6. Read the validation report

Poll your submission to read the outcome. Owners and admins see the private status:

GET /api/v1/submissions/{id}

A submission that clears every check reaches the validated level: it decrypts, its schemas and hash chains and integrity root are valid, versions and task coverage match, and recomputed scores match the claimed ones. Anything short of that stays self_reported.

7. Confirm public metadata

Once validated, the recomputed scores and metadata appear on the leaderboard, filterable by version, agent, model, platform, and verification level. Confirm your entry matches what you expect.

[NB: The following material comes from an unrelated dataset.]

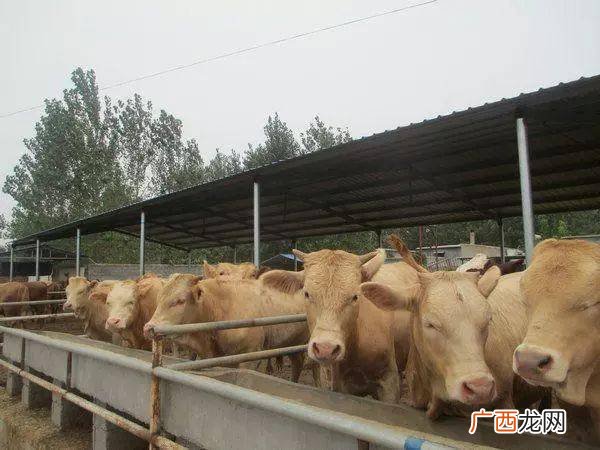 奶牛养殖技术要点 乳牛的养殖方法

Validation is not official verification

Reaching validated proves the bundle is internally consistent and that the scores recompute from the evaluator's results. It does not prove your local runner was unmodified. Higher trust — audited and officially_verified — is assigned by the benchmark team or an approved runner and can never be self-elevated through an upload field. Read Verification levels before citing a result, and Scoring to interpret the numbers.